塗工機

塗工機とは

塗工機

塗工機 (英: coater) とは、被塗材に塗工材料を塗る機械です。

塗工機はコーターとも呼ばれます。被塗材には、紙をはじめ樹脂製のフィルム、不織布、アルミ箔など多くの素材が使われ、塗工材料には接着剤やコーティング剤などがあります。

塗工機は、機能的に大きく分けると「塗る」と「固化」という2つの技術が使われており、塗るための重要な要素は、被塗材と塗工材料との「濡れ」です。

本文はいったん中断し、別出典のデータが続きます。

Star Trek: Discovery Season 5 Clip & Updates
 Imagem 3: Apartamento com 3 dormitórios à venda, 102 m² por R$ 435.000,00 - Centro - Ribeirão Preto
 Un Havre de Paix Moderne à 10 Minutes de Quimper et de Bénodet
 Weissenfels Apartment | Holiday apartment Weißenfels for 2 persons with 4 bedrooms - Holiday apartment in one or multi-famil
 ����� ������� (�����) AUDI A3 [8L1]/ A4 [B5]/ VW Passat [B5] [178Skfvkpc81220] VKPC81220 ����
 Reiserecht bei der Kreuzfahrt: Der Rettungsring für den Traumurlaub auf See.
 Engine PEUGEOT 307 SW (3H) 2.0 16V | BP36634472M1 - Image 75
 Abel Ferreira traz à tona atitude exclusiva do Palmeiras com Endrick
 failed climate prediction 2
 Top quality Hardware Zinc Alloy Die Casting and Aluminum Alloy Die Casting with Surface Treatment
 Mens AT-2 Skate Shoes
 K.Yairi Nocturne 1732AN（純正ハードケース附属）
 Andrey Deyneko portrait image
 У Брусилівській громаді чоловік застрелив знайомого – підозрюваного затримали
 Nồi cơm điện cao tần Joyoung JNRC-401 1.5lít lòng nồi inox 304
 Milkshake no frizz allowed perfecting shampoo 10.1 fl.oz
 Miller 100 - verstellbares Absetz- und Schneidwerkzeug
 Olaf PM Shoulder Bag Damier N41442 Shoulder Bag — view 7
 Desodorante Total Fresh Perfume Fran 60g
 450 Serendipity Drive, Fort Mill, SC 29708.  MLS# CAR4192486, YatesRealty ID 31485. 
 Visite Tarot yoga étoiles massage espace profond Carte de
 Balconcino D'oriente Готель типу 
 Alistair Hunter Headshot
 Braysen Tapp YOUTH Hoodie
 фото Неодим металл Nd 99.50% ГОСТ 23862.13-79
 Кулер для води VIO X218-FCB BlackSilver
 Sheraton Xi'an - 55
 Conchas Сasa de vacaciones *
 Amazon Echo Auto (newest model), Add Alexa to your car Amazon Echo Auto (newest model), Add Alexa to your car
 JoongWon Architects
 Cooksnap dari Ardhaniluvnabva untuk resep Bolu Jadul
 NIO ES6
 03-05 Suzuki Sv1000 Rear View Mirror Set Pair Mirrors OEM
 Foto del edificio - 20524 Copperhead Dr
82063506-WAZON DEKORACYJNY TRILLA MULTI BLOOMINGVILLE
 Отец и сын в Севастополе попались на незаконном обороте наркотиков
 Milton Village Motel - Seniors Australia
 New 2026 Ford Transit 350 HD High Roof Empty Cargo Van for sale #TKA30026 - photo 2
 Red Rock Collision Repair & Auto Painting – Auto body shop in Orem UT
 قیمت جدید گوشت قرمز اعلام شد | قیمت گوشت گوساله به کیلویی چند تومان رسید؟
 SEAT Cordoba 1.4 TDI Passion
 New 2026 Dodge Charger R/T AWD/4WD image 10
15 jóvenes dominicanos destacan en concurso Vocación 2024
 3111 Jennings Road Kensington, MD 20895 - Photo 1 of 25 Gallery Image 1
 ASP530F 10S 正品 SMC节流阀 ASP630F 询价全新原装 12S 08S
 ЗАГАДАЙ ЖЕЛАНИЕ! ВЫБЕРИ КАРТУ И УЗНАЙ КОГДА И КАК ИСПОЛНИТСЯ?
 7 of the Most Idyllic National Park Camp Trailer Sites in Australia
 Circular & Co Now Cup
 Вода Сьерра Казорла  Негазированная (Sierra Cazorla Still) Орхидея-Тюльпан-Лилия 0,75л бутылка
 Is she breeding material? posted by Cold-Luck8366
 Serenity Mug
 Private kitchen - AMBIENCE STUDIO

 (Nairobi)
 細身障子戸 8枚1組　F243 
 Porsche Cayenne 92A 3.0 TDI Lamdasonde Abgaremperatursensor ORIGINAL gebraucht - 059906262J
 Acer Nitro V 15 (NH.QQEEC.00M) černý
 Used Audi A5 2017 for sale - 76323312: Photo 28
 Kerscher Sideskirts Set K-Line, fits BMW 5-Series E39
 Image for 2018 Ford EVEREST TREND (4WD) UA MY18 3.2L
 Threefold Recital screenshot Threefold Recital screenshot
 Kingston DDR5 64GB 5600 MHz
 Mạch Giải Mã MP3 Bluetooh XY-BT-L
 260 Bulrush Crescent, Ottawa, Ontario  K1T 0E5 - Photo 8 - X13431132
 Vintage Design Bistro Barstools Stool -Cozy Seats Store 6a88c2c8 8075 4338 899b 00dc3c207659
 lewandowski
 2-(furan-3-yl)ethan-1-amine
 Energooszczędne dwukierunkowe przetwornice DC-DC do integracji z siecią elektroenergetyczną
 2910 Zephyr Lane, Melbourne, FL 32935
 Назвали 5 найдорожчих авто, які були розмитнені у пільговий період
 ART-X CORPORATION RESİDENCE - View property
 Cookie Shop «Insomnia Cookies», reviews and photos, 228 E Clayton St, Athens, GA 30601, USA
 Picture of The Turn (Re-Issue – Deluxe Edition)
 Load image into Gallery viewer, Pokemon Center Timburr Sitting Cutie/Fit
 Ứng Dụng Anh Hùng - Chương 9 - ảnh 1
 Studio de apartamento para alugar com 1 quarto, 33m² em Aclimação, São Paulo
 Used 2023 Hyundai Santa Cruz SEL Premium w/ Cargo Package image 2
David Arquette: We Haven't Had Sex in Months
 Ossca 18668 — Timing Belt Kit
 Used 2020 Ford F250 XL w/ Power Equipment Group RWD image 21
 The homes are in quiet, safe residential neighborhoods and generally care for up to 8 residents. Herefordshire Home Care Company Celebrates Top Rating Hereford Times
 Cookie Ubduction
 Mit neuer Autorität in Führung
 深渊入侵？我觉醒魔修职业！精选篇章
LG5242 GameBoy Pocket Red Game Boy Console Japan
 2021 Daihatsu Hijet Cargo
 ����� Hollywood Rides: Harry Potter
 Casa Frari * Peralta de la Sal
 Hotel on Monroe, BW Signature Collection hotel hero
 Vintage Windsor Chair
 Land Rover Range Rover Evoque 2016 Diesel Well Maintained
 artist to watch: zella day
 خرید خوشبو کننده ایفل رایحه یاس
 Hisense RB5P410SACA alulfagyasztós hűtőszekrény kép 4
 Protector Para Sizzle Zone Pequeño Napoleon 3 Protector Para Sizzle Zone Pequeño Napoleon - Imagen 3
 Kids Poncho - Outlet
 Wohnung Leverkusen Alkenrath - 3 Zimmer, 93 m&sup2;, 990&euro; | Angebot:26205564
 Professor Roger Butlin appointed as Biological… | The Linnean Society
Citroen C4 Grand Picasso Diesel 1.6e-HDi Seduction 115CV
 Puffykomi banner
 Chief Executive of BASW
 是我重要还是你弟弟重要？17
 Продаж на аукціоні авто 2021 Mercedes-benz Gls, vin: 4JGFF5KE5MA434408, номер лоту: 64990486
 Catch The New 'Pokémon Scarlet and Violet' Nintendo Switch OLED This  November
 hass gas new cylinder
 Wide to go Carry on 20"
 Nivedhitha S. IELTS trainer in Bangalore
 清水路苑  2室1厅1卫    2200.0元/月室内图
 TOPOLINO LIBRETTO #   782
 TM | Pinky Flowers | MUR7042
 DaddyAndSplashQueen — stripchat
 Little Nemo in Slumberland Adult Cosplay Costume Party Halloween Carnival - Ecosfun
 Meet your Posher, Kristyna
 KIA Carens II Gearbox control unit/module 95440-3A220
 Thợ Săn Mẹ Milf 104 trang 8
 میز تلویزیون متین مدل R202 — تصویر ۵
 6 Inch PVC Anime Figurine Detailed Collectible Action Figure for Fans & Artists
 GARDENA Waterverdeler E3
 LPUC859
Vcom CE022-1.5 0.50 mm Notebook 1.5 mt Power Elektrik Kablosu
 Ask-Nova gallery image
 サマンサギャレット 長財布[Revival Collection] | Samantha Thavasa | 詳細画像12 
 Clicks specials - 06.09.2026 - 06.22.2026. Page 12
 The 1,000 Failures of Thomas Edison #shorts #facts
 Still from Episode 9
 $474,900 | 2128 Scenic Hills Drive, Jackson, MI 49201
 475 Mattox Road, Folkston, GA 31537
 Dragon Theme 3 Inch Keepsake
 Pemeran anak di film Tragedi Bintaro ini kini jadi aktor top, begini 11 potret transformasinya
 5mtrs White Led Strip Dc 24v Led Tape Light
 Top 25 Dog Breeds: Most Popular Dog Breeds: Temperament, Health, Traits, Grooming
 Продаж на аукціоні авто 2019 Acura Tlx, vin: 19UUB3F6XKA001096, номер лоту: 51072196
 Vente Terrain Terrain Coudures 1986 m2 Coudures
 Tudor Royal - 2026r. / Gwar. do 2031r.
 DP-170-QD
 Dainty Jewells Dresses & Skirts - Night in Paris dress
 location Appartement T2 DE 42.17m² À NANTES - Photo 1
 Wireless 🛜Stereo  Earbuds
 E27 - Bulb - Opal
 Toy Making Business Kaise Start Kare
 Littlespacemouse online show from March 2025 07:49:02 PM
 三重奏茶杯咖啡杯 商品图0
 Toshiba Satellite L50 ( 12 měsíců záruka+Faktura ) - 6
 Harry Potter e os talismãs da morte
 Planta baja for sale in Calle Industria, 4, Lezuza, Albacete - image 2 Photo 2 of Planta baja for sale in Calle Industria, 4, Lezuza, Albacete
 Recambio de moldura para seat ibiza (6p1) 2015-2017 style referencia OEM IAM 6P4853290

一般的な塗工機は、塗布する対象物の形状や塗布する薬品、目的によって塗布する方法が異なります。そのため、さまざまな用途に応じてロールコータスピンコータ、ディップコーター、スリットコーターなどが用いられます。

塗工機の使用用途

塗工機が使われる分野は、光学関連分野をはじめエレクトロニクス分野、事務用品、日常品と多岐にわたります。特に、エレクトロニクス分野での利用が盛んで、フレキシブル基板をはじめ電池電極、導電性フィルム絶縁テープ、各種電子部材などに使用されることが多いです。

パソコン、液晶テレビ、スマートフォン、タブレットなど、薄型で高機能・高密度化が必要な半導体製造分野では、フォトリソグラフィ工程のフォトレジスト塗布でスピンコーターやスリットコーターが利用されます。また、FPD (フラットパネルディスプレイ) 製造分野でも同様です。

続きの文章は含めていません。